Cada multinacional é, por
definição, uma confederação,
em que todas as filiais -inclusive a matriz- são concorrentes na atração dos investimentos da organização. Nessa posição, a filial é aliada dos respectivos países.
Por outro lado, especialmente no caso das multinacionais
de maior porte, seus presidentes atuam como representantes de seus próprios países no
país da filial que presidem.
Isso posto, vamos a dois tipos
de consideração. O primeiro
sobre o papel dos presidentes
das múltis no país. Embora a
opinião pública seja muito
mais sensível a retaliações a
turistas do que à defesa dos interesses nacionais em relação
às múltis, acabaram-se os
tempos em que CEOs se comportavam como potentados
em um país de botocudos.
Depois da grande batalha
dos genéricos, quando a indústria farmacêutica jogou pesado, a reação do então ministro
José Serra -mais pesada ainda- foi um divisor de águas.
Depois dela, 12 gerentes-gerais
de laboratórios multinacionais foram substituídos por
uma nova geração, mais moderna e crítica das táticas barras-pesadas do modelo anterior.
O caso Demel -presidente
da Volskwagen, demitido depois de uma série de desastres
políticos- também é emblemático.
Mas existe um segundo ponto, que é a aliança entre o Brasil e as filiais e múltis na atração de investimentos do grupo.

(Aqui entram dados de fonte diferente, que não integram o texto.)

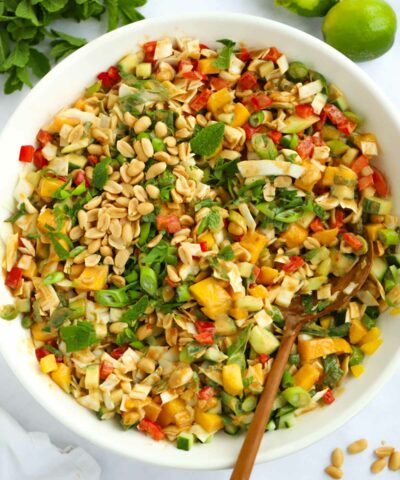 A big bowl of salad with peanut butter dressing, peppers, cabbage and mango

Hoje em dia, o Brasil desapareceu do mapa de investimentos das multinacionais, as filiais brasileiras estão esvaziadas, seus executivos, desvalorizados nas disputas internas, e
a razão maior é que o mercado
interno desapareceu -e não
deverá voltar tão cedo.
Daí a importância de uma
estratégia de governo que permita valorizar politicamente
as multinacionais instaladas
no país perante seus respectivos "boards". Cada compra
pública de bens de multinacionais deve ser montada de tal
maneira que pareça uma vitória política de seu executivo.
Com isso, devem ser fixadas
contrapartidas de transferência de investimentos para o
país, acordada conjuntamente
com o executivo.
Dia desses, o presidente de
um laboratório internacional
contava que conseguiu reabrir
compras no Ministério da
Saúde. Foi uma operação comercial, de rotina.
Se houvesse no governo um
fórum de alto nível, incumbido de negociar contrapartidas
e articular alianças com as filiais de múltis, uma operação
comercial poderia ser transformada num lance de estratégia política, na disputas entre
filiais, poderia ter havido uma
combinação prévia, a compra
ser apresentada como uma vitória política do CEO, e ele poder levar até a matriz as exigências de contrapartida de
investimento, antecipadamente negociadas com o governo.
Nessa negociação prévia,
cúmplice, o CEO definiria os
limites das contrapartidas, para poder pedir o factível.
Em suma, o enorme poder de
compra do Estado tem que ser
trabalho de maneira mais inteligente, estendendo o conceito de "offset" da aviação a todas as compras públicas.